8 Ways How Your Social Media Presence Influence Job Prospects

Social media has become an integral part of the job search family and should be well managed to increase your chances of landing a job.

Do you know your potential employer is trying to find you online first? Employment survey reports suggest 35% of hiring managers use social networking platforms to do slight research on prospective candidates before asking them to come over for an interview. As tools are changing, the skills and experience associated with using social media are becoming requirements for strong performance in roles that have to do with communication, managerial roles.

Sure, most people are using social media in their personal lives, but it has a lot of power to make (or break) your career. Here’s how to use it to work up your job prospects.

Build a consistent image on social media

Maintain a social media presence that is squeaky clean. Go through your feed and make sure none of your public posts is politically offensive or are long rants about any institution.

Being active on social media does not necessarily mean you have to be present in every platform out there. Job seekers should primarily mind their LinkedIn account, Facebook and Twitter. Photo sharing apps can wait.

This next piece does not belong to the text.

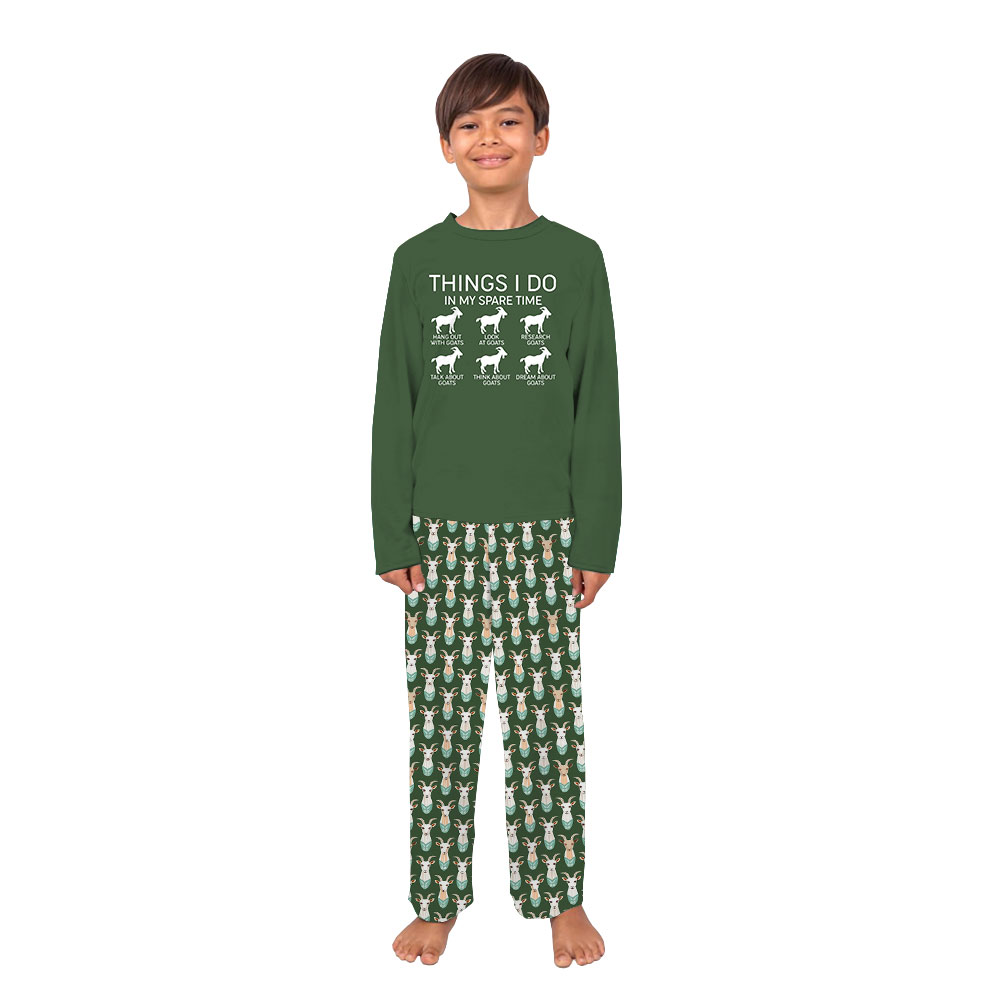 Funny Goat Pajamas Saying Things I Do In My Spare Time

Your social media account should reflect your personality. Having a wacky username for a social media handle can sound cool, but this will not help your prospective employer to find you on these profiles. Also, choose a professional get up for your social media display pic. The personal branding that you do in these pages should send out a clear message and should as consistent as your username and image.

Nothing looks worse than a Twitter feed just promoting your own thing. So make sure your posts reflect your consciousness about the industry you are seeking a job in. Re-tweet articles that others have shared that you really loved, too.

Keep your handles updated with your new projects and accomplishments

On all your social accounts, include a link to the project you’re working on, your blog, or any special skill you have. The profile should give the employer what they want, a scope to know you better. Put your handles on your resume and also mention your industry-specific network.

Focus on updating your profile to be as current as possible. Use tools that allow you to schedule, get ahead, share things directly from your browser, and hardly have to think about keeping an active social presence.

Don’t write “actively seeking” on your LinkedIn profile bio. If you feel that this needs to be visible, your summary is a much safer place to write where you can explain the position you are looking for in more detail.

Social media is both a boon and a bane. Your social handles should build—yourself as a brand. So before you post anything, introspect what value it adds to your brand.